From the Jordan River to the Caribbean Sea: Building Solidarity

From the Jordan River to the Caribbean Sea, our advocacy is intersectional, actively engaging with all forms of (in)justice, understanding that our work as feminists is work in solidarity. Last Saturday, Caribbean Feminist hosted a teach-in session (the first of a series, stay tuned for more!) about solidarity with Palestinian communities undergoing what is now day 564 of an escalated genocide. 

With workshops by Saajid from the UWI IGDS Ignite student club, Batoul Hamzy from Climate Sirens and sharings by Comrade Libre and Bisan Owda, we engaged with what solidarity means, how the current Palestinian conflict and genocide is a feminist and Caribbean feminist issue, and what we can do, individually and collectively, at whatever level of advocacy and activism we are at.

At time of finalising this post, it is day 566 of the recent escalation of an over 77-year long occupation. The zionist regime is actively compounding acts of inhuman colonial violence, and doing so almost entirely unchecked by Western (neo)imperial systems. 

Infographic 'Genocide & Reproductive Injustice in Gaza' highlights Israel's targeting of Palestinian families: mass killings of mothers, children, and infants; destruction of reproductive health services; and systemic violence preventing births.

[04/2025, graphic courtesy of Visualising Palestine database] 

And yet, globally, every day actions express that… ‘in our thousands, in our millions, we are all…. [we done know how to finish this cry]’, therefore how do we understand Palestinian oppression and resistance within a Caribbean intersectional feminist positioning, what are some key takeaways from Caribbean Feminist’s first teach-in? 

During the teach-in, Batoul asked us what solidarity means to us, by her own definition something active, requiring us to show up. From an intersectional feminist positioning, we experience acting in solidarity as a constant exercise in (un)learning, connecting issues and causes, thinking laterally across communities and organising… 

The realities of Palestinian women, individuals, communities (of which we can only approximate a fraction from what seeps through into media platforms) in the everyday violence fracturing disrupted lives and societies, the different traumas provoked by brutal gender-based violence, the survival in hostile environments stripped of the elemental, meaning basic access to food, water, shelter, any relative satisfaction of menstrual health, reproductive rights and care…these are all feminist issues

But let's be clear: the ongoing genocide in Palestine - as many other conflicts - is not just a feminist issue, it is a global issue. 

Organising to free an occupied, assaulted Palestine under the most “well-documented genocide in history” (in Libre's words) must be intentionally understood and engaged with as a feminist issue as the liberation we mobilise for must be collective, for all, never to the detriment or dismissed and ‘tolerated’ repression of another. 

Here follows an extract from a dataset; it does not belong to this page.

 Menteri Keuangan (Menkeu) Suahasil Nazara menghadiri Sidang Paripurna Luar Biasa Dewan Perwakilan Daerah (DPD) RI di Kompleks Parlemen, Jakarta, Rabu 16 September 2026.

Feminism does not practise disposability, completely different from what Verges calls ‘white femo-imperialism’ (ie white feminism/imperialism). The outlook of white feminism that ‘saves’ some and determines how liberation must be organised without more than a glancing understanding of how a patriarchal and imperial framework affects and harms in distinct ways, this outlook is itself formulated within imperial vocabulary and mindset. A part of feminist praxis (ie, how we practise and experience knowledge, theory, discourse…) is consistent learning what decolonising our work looks like in order to better act across intersecting issues and communities.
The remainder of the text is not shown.